Its integration (‘dus) is integral to the Great Perfection: Dzogchen. [THE REALIZATION AND THE GREAT LIBERATION]:

Nothing save mind is conceivable.
Mind, when uninhibited, conceives all that comes into existence.
That which comes into existence is like the wave of an ocean.
The state of mind transcendent over all dualities brings Liberation.
It matters not what name may carelessly be applied to mind; truly mind is one, and apart from mind there is naught else.
That Unique One Mind is foundationless and rootless.
There is nothing else to be realized.
The Non-Created is the Non-Visible.
By knowing the invisible Voidness and the Clear Light through not seeing them separately—there being no multiplicity in the Voidness—one’s own clear mind may be known, yet the Thatness itself is not knowable.
Mind is beyond nature, but is experienced in bodily forms.
The realization of the One Mind constitutes the All-Deliverance.

Seeing it [means] one will be free of objects of perception. Knowing it [means] one will not attempt to express it through words: Referring to the Essential Mind Stature within Itself. In other words, “wide” is the path of endless reliance on one’s own cognitive faculties and many are the mind-traps that will befall one [in regard to the One]; whereas few obstacles remain for those who eliminate conceptual thought all together and rely solely on one’ s inner-intuitive and Recollective Unborn Resourcefulness. A passage from The Vajrasamādhi Sutra refines this further:

“This Absolute nature is neither one nor different; neither transient nor permanent. It has neither access nor egress and it can neither be created nor destroyed. It abandons all the four perimeters (fullness, void, both-fullness-and void, and neither-fullness-nor-void). [In this way] the pathways of words and speech are being abandoned. The unborn nature of the mind is the same.”

This essential vigor, which does not come from any cause, is free of all fetters [created] by the methods [of explanation]. If one wishes for a thorough understanding of this matter one has to take the sky as a simile: the point is that Reality is unborn, and that as the main characteristic the mind is ceaseless. Like the sky so is Reality; by means of the sky as simile [Reality] is pointed out.
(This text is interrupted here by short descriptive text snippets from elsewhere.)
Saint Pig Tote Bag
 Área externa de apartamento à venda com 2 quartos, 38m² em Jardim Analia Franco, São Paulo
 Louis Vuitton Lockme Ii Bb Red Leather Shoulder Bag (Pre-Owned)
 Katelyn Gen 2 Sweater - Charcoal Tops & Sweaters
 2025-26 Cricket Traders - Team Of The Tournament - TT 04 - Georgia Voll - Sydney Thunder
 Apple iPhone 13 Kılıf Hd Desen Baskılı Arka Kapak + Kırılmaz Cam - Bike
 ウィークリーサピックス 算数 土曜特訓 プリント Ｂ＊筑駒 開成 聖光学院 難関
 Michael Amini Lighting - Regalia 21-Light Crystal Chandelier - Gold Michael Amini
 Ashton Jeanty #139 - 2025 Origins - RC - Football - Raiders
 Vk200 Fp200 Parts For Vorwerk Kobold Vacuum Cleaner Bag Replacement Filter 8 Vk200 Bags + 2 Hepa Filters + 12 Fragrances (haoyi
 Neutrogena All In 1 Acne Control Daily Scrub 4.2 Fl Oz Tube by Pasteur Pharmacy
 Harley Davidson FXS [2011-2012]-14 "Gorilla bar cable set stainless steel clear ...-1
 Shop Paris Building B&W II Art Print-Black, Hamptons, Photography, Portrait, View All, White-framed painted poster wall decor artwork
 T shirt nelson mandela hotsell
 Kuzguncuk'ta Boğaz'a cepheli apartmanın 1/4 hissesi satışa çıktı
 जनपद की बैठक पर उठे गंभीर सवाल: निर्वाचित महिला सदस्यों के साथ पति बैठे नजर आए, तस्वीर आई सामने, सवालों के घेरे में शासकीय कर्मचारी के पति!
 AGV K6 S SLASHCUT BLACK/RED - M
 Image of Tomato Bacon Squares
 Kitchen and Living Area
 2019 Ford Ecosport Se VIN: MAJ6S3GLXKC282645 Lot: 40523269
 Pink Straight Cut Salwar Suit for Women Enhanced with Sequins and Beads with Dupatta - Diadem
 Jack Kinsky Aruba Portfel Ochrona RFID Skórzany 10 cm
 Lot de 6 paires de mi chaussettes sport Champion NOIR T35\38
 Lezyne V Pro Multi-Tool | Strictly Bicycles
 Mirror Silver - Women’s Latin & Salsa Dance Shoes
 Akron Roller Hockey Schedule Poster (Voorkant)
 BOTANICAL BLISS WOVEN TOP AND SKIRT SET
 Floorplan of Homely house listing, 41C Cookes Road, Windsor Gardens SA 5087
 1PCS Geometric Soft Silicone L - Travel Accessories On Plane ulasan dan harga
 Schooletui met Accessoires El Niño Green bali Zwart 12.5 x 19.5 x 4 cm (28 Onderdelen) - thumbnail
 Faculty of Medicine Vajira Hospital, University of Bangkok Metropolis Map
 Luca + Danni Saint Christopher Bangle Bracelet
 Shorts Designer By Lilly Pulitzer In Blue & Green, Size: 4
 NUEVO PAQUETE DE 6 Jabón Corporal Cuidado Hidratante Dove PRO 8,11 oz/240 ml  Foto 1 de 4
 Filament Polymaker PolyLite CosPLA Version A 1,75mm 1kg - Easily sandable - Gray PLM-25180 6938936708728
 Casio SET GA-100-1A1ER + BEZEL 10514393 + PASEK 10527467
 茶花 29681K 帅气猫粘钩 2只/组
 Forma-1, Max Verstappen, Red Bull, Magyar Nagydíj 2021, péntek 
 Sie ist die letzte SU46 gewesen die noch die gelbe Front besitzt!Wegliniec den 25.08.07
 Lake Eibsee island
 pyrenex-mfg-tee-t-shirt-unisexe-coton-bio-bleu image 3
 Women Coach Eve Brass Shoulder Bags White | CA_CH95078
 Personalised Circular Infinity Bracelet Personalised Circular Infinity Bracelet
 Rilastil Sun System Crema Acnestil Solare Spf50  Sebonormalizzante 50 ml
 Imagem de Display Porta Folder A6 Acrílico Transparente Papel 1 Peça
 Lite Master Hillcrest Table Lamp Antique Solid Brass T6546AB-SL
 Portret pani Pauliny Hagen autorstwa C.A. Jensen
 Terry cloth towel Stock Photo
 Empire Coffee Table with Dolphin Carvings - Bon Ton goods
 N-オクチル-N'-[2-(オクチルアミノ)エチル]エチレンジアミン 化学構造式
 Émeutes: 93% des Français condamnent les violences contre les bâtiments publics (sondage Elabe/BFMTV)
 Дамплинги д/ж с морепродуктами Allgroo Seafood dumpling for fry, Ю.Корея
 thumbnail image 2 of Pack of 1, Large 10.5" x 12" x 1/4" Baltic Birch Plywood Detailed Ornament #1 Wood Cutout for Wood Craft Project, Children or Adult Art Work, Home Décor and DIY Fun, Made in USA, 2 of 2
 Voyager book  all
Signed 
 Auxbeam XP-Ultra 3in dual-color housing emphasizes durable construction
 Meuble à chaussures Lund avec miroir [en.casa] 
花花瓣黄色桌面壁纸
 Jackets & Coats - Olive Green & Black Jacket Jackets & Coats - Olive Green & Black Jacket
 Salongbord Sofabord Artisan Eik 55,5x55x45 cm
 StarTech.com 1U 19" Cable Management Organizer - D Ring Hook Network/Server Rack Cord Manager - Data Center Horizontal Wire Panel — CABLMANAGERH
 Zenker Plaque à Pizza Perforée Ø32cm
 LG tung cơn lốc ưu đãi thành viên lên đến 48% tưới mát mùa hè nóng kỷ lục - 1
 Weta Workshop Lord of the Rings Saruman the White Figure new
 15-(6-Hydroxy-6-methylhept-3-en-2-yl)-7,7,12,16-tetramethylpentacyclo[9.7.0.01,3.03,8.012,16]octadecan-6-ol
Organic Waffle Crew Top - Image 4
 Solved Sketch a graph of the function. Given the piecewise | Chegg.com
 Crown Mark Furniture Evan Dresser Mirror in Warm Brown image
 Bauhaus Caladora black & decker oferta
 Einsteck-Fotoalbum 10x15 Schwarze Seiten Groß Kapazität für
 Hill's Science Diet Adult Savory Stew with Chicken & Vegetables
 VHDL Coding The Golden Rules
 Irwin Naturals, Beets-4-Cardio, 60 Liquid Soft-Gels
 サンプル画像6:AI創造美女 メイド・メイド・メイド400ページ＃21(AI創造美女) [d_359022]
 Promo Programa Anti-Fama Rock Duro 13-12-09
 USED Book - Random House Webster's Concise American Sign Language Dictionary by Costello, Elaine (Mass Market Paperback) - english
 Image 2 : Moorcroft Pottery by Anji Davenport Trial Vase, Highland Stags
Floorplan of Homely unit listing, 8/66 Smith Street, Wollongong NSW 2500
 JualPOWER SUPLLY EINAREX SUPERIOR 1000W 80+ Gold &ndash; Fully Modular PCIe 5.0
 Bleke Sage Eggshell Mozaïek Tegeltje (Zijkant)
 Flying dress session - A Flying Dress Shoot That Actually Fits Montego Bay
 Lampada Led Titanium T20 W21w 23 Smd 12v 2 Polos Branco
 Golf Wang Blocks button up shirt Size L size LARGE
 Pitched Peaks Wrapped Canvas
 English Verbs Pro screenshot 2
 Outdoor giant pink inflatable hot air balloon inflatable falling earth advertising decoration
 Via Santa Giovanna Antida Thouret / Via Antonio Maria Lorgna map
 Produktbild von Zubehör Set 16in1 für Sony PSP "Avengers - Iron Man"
The imperceptible Reality is taught by pointing at [something else which is] imperceptible.

by means of the sky as simile [Reality] is pointed out: Pure Mind is as Boundless as a clear Blue Sky—a metaphor for the Clear Light of the Mind-Essence.

[The Reality] which cannot be expressed through words is explained [through something] which is inexplicable. The quintessence of the imperceptible is taught as the main point of a teaching that is joined [with similes]. The essence of this meaning is given in comments.

Thereby you ought to understand the meaning of Me. Thereby you will be led to understand the meaning of Me. If you don’t understand thereby the meaning of Me you will never meet Me, [regardless of] how many words you have learned. If you deviate (gol) from Me I shall be veiled, and for this reason, you will not obtain the pith of Reality (chos kyi snying po).”

Thus She spoke.

[Thus Ends the Fifth Chapter]

This is the highest-ascent to Spiritual Truths; hence engaging in the Recollective and Unitive Powers within Pure Mind Itself without the need of any outside, exoteric agencies.

This Tantra teaches here that the “highest-ascent to Spiritual Truths” are engaged in sambodhic-fashion—via THAT direct-gnosis of the Unborn through bodhicitta, or the full and undivided Enlightened-Tathatic Consciousness. This is the full meaning of Me, or meeting the One Mind in the great and magnificent depths of the Sambhogakayic Continuum.

obtain the pith of Reality: Ultimate Dharmadhātu.